If the interviewer asks "how do you make verdicts fair?":

  • Name the failure first: wall-clock limits make verdicts depend on platform load - the same code passes at 2am and fails TLE at peak, and that difference can cost someone a job.
  • The fixes: measure CPU time (what the candidate's code actually computed, reported by the kernel), pin resources per sandbox (dedicated CPU allocation, fixed memory), and freeze the environment (language versions, images) so every run is identical by construction.
  • Memory verdicts come from the cgroup kill, not a crash heuristic.
  • Frame it the way the requirement deserves: determinism here is not engineering hygiene - a nondeterministic verdict is an unfair hiring decision, so "same code, same verdict" is an ethical property of the system.

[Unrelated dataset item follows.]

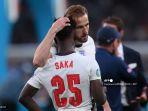 gelandang-inggris-bukayo-saka-kiri-dihibur-oleh-penyerang-inggris-harry-kane.jpg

If the interviewer asks "is this not just a CI system?":

  • Nearly - and recognizing that is the strong answer. The skeleton is identical: jobs in a queue, isolated runners, results and artifacts out - one platform pattern, "execute code on demand, safely, at scale."
  • The knobs differ by trust and purpose. Trust: CI runs your own team's code (semi-trusted, so it caches dependencies and workspaces aggressively for speed); assessments run strangers' code under incentive to cheat (zero trust, so nothing is cached or reused and everything is destroyed).
  • Structure: CI jobs form dependency graphs (build, then test, then package); submissions are independent, so scheduling is trivially parallel.
  • Stakes: CI optimizes developer minutes; assessment optimizes verdict fairness.
  • See Design a CI System for the same skeleton with the trust dial turned up and the caching dial turned on.